- HOW TO COMPLETE THIS TASK:
When you repeat the records, keep every word exact and drop each picture.

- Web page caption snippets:

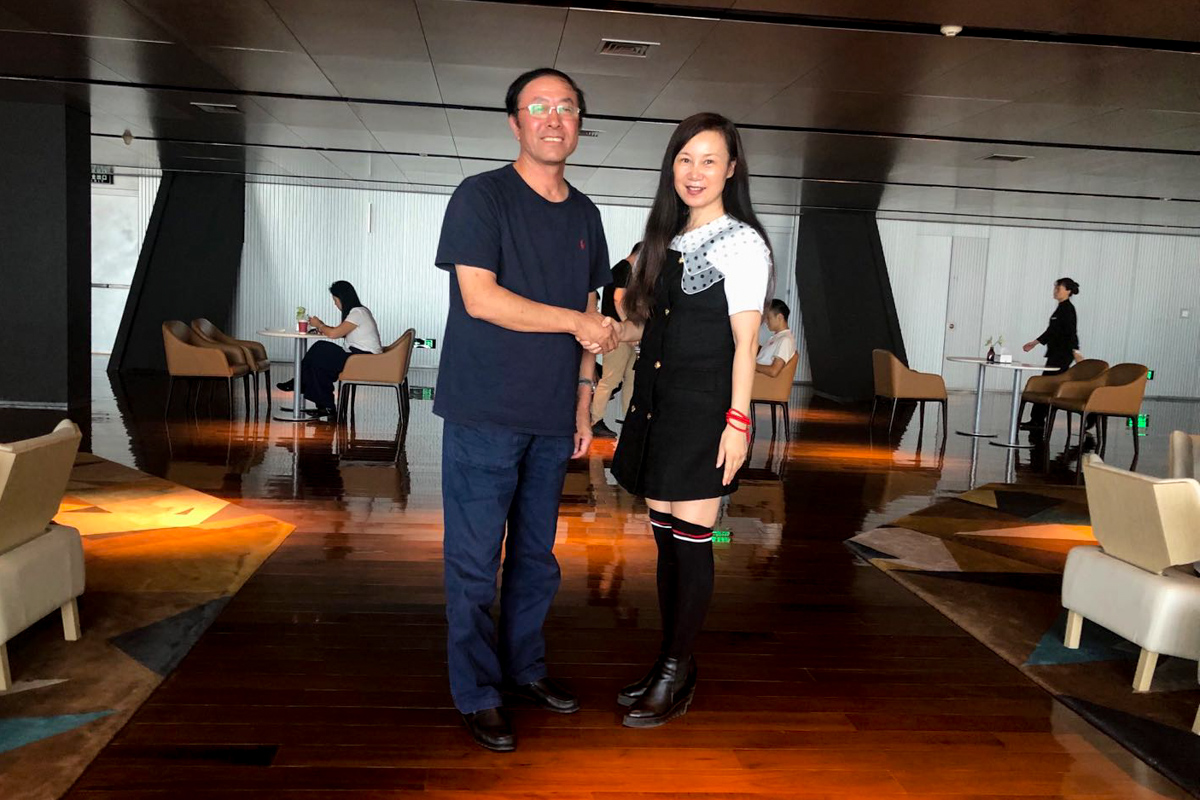 20190905cl587.jpg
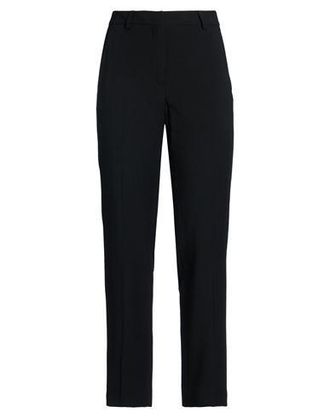 Fedeli BOTTOMWEAR - Trousers sur YOOX.COM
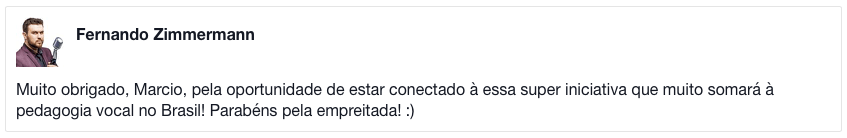 depoimento fernando
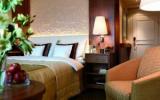 Hotel Schweiz Sauna: 5 Sterne Grand Resort Bad Ragaz, 289 Zimmer, Rhein, St. ...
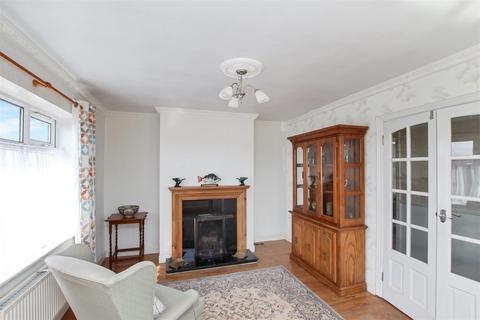3 bedroom detached bungalow for sale, Billingsgate, South Somercotes LN11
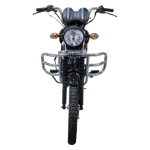 Мопед Racer RC50 ALPHA M2 БЕЗ ПТС 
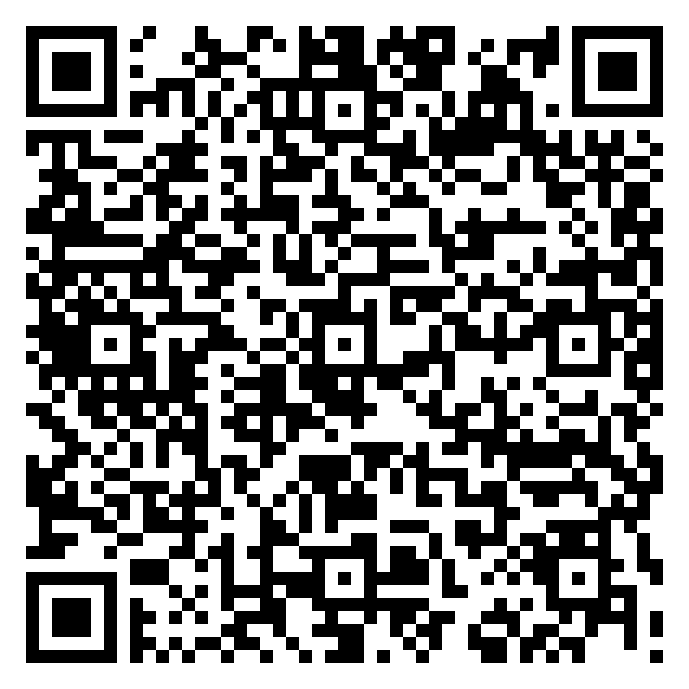 kod QR z danymi kontaktowymi 08011650700000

- SOLUTION TO THE EXERCISE:
 20190905cl587.jpg
 Fedeli BOTTOMWEAR - Trousers sur YOOX.COM
 depoimento fernando
 Hotel Schweiz Sauna: 5 Sterne Grand Resort Bad Ragaz, 289 Zimmer, Rhein, St. ...
3 bedroom detached bungalow for sale, Billingsgate, South Somercotes LN11
 Мопед Racer RC50 ALPHA M2 БЕЗ ПТС 
 kod QR z danymi kontaktowymi 08011650700000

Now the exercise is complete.